§ **Exercise brief**: Once you find the line containing "Volkswagen T-Cross 2021 car image #20", set down exactly that line and every one after it through the end of the listing below, with both ends included and any pictures omitted.

§ **Exercise input**:
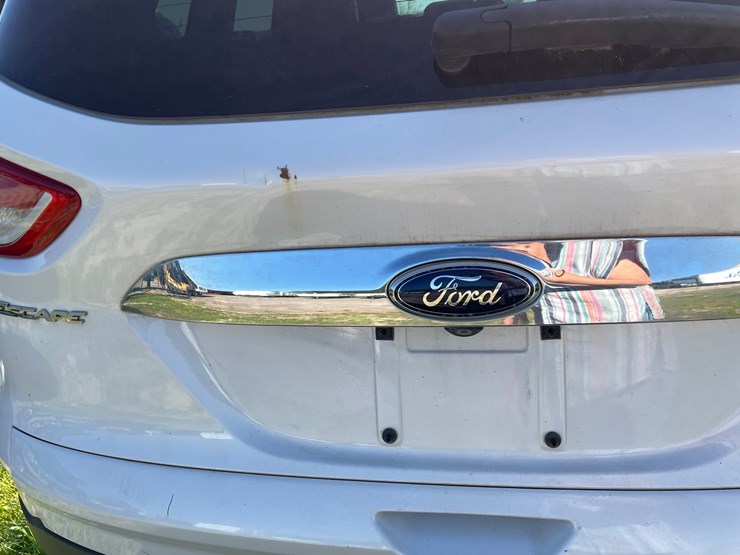 2014-ford-escape-titanium-image-19
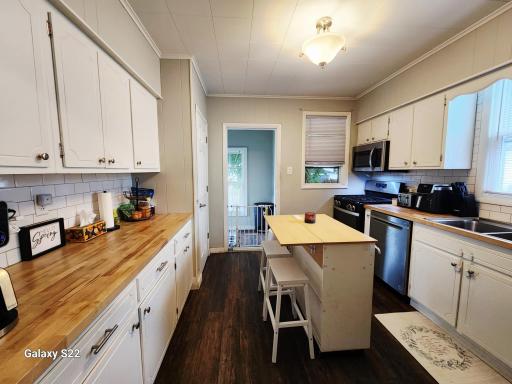 1033 W Mark Street, Winona, MN 55987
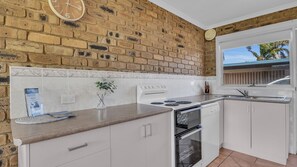 Réfrigérateur, micro-ondes, four, lave-vaisselle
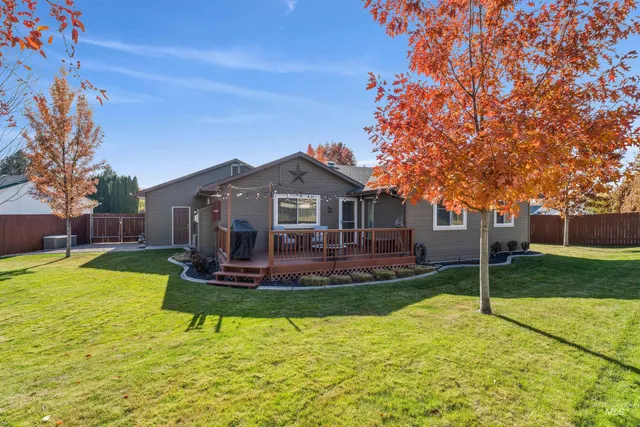 $479,999 | 1050 East Cougar Creek Court, Meridian, ID 83646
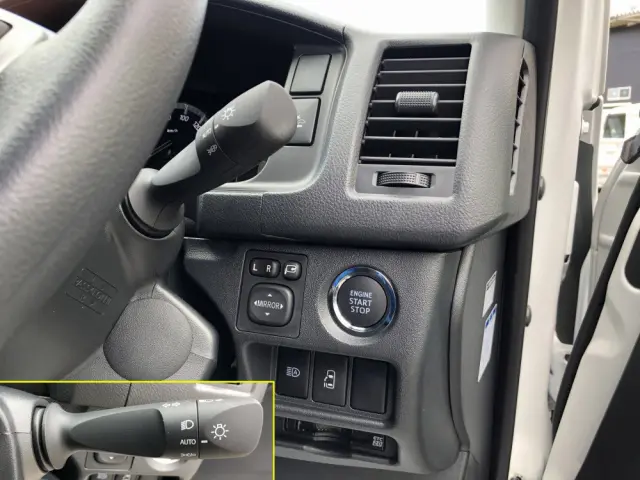 トヨタ ハイエースコミューター 3DF-GDH223B(2WD)の写真38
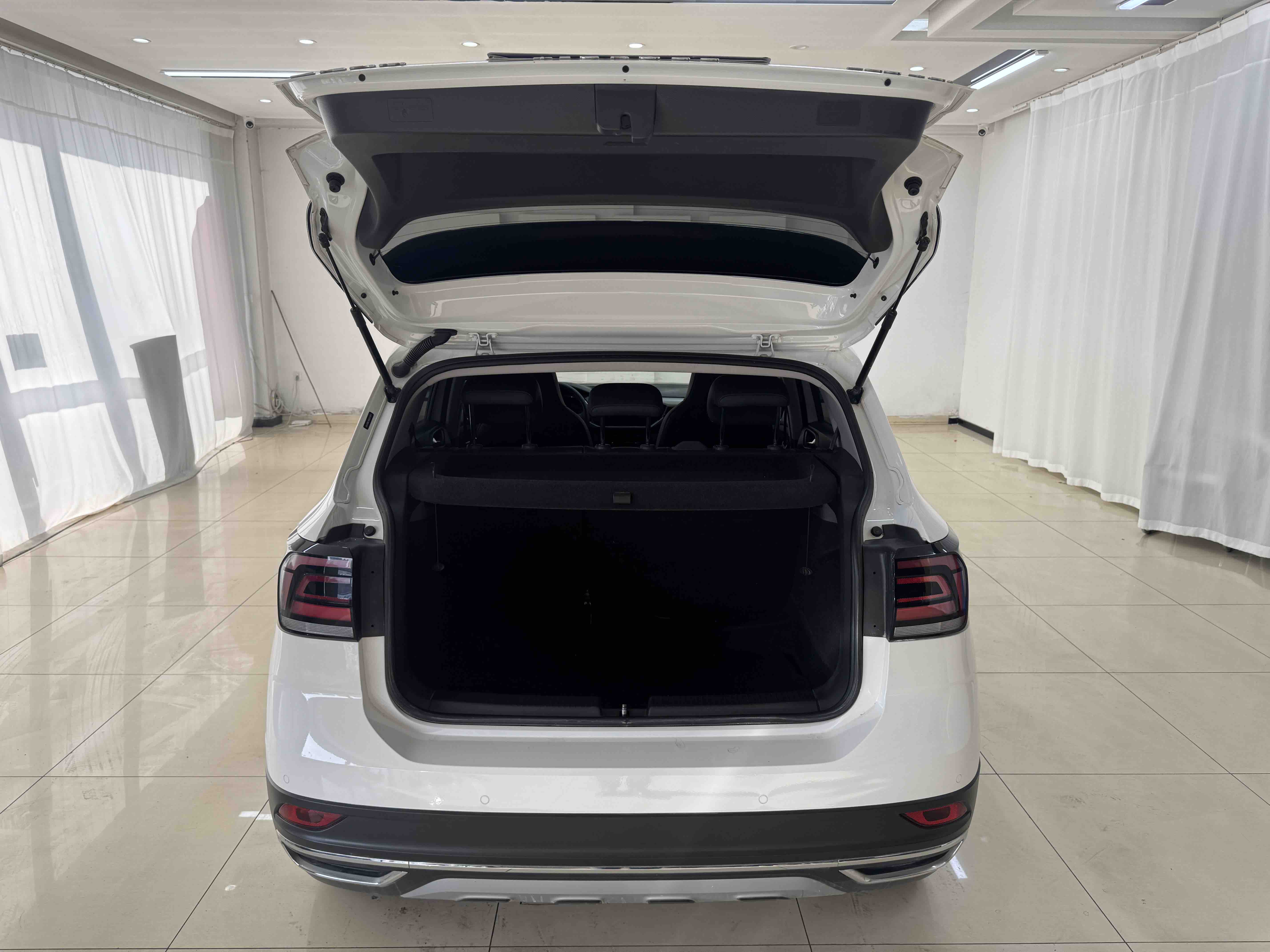 Volkswagen T-Cross 2021 car image #20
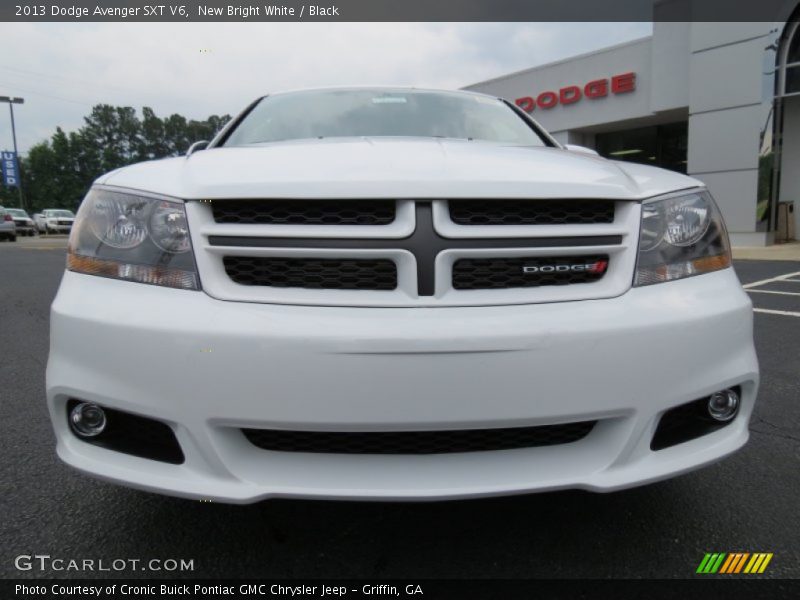 New Bright White / Black 2013 Dodge Avenger SXT V6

§ **Your solution**:
 Volkswagen T-Cross 2021 car image #20
 New Bright White / Black 2013 Dodge Avenger SXT V6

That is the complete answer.